Complying with REIT requirements may limit our ability to hedge effectively.

The existing REIT provisions of the Internal Revenue Code may substantially limit our ability to hedge our operations because a significant amount of the income from those hedging transactions is likely to be treated as non-qualifying income for purposes of both REIT gross income tests. In addition, we must limit our aggregate income from non-qualified hedging transactions, from our provision of services and from other non-qualifying sources, to less than 5% of our annual gross income (determined without regard to gross income from qualified hedging transactions). As a result, we may have to limit our use of certain hedging techniques or implement those hedges through total return swaps. This could result in greater risks associated with changes in interest rates than we would otherwise want to incur or could increase the cost of our hedging activities. If we fail to comply with these limitations, we could lose our REIT qualification for U.S. federal income tax purposes, unless our failure was due to reasonable cause, and not due to willful neglect, and we meet certain other technical requirements. Even if our failure were due to reasonable cause, we might incur a penalty tax.

The “taxable mortgage pool” rules may increase the taxes that we or our stockholders may incur, and may limit the manner in which we effect future securitizations.

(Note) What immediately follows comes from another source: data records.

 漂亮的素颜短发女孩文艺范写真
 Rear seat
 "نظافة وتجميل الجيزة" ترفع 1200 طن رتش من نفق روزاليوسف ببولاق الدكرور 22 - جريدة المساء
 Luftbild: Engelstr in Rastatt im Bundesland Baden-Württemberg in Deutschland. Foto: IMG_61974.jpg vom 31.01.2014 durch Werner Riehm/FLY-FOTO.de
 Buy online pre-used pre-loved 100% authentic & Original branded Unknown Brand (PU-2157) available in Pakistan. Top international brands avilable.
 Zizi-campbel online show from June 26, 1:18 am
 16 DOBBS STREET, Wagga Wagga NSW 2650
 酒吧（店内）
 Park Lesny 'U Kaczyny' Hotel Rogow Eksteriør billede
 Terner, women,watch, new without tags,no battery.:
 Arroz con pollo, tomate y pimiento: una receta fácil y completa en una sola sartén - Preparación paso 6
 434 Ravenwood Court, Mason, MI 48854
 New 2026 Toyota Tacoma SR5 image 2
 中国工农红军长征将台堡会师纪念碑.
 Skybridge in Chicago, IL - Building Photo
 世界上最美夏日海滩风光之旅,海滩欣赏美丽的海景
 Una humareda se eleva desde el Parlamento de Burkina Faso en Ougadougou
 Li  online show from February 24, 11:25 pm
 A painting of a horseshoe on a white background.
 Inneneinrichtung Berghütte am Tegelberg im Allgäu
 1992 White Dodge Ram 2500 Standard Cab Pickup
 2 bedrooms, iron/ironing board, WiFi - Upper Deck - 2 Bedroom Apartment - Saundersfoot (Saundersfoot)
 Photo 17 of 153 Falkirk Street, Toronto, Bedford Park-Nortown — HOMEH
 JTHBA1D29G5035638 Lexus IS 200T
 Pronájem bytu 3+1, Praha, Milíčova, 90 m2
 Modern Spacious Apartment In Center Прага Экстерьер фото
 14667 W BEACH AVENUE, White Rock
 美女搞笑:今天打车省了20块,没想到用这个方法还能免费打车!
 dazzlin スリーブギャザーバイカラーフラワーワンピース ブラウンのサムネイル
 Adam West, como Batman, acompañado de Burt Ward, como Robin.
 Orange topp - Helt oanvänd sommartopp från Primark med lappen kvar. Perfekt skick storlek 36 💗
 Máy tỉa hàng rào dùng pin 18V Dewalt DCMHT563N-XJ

Certain of our securitizations have resulted in the creation of taxable mortgage pools for federal income tax purposes. As a REIT, so long as we own 100% of the equity interests in a taxable mortgage pool, we would generally not be adversely affected by the characterization of the securitization as a taxable mortgage pool. Certain categories of stockholders, however, such as foreign stockholders eligible for treaty or other benefits, stockholders with net operating losses, and certain tax-exempt stockholders that are subject to unrelated business income tax, could be subject to increased taxes on a portion of their dividend income from us that is attributable to the taxable mortgage pool. In addition, to the extent that our stock is owned by tax-exempt “disqualified organizations,” such as certain government-related entities and charitable remainder trusts that are not subject to tax on unrelated business income, we could incur a corporate level tax on a portion of our income from the taxable mortgage pool. In that case, we might reduce the amount of our distributions to any disqualified organization whose stock ownership gave rise to the tax.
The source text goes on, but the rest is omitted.